**WORKING DATA:**
++++++++++

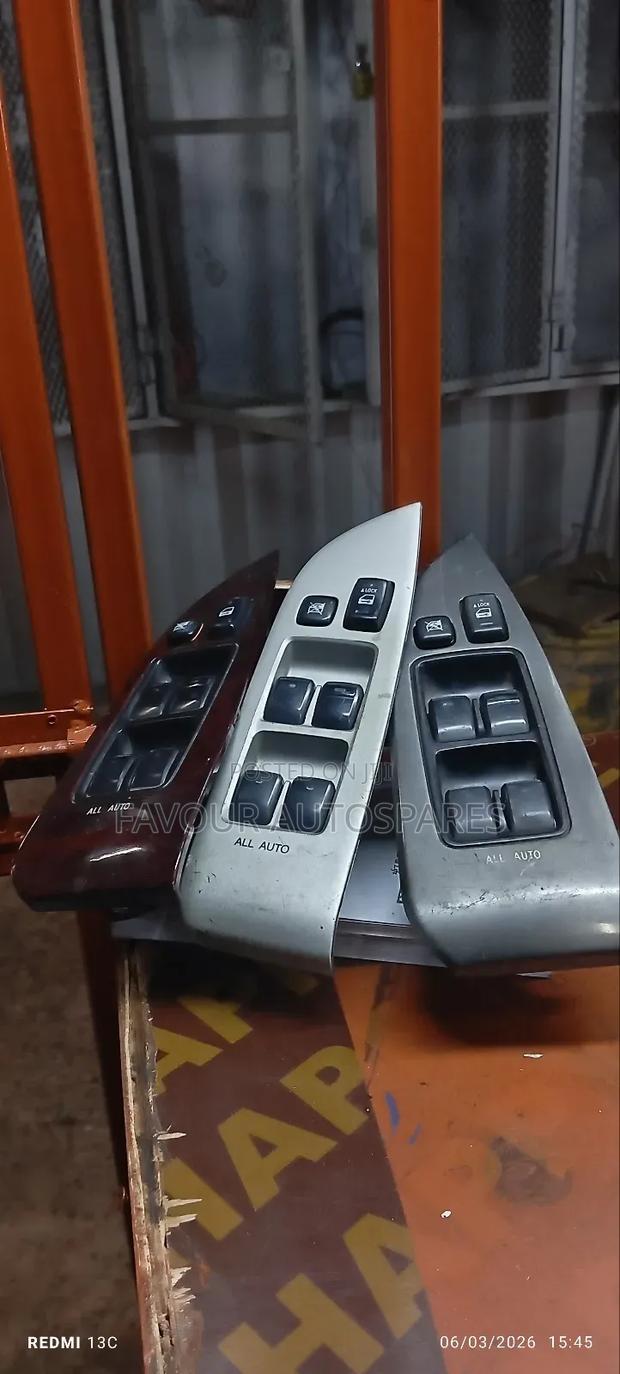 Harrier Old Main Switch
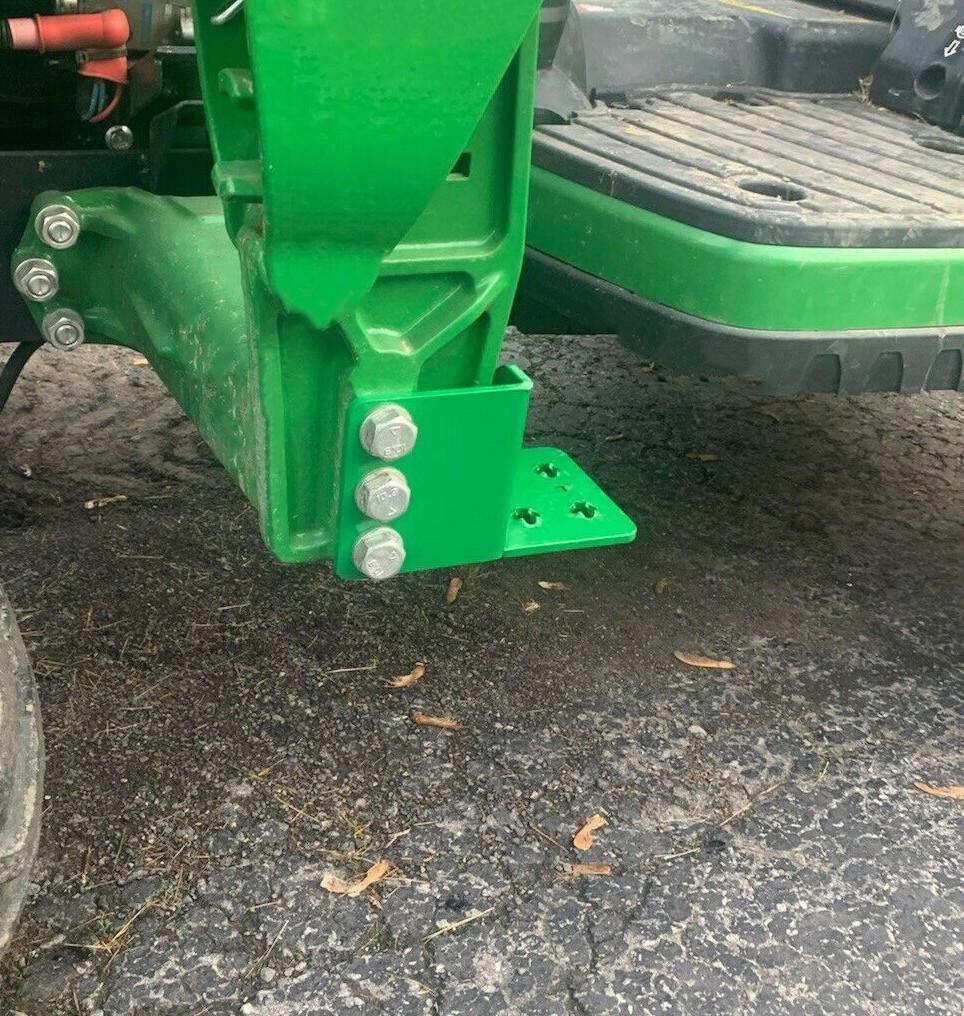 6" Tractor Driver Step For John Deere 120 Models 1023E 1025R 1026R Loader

++++++++++

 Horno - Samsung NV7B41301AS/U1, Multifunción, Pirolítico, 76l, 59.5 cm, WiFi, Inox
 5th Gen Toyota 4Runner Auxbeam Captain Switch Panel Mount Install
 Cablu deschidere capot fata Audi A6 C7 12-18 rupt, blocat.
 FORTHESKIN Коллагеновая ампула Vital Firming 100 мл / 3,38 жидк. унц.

++++++++++

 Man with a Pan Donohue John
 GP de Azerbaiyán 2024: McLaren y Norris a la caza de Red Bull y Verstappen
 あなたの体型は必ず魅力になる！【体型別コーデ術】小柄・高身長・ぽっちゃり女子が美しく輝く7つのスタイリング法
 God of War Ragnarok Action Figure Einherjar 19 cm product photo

++++++++++

**ACTIVITY:** Copy out only the lines above from the one with "5th Gen Toyota" to the one with "FORTHESKIN Коллагеновая ампула", inclusive, exactly as they stand.

**PROBLEM SOLUTION:**
 5th Gen Toyota 4Runner Auxbeam Captain Switch Panel Mount Install
 Cablu deschidere capot fata Audi A6 C7 12-18 rupt, blocat.
 FORTHESKIN Коллагеновая ампула Vital Firming 100 мл / 3,38 жидк. унц.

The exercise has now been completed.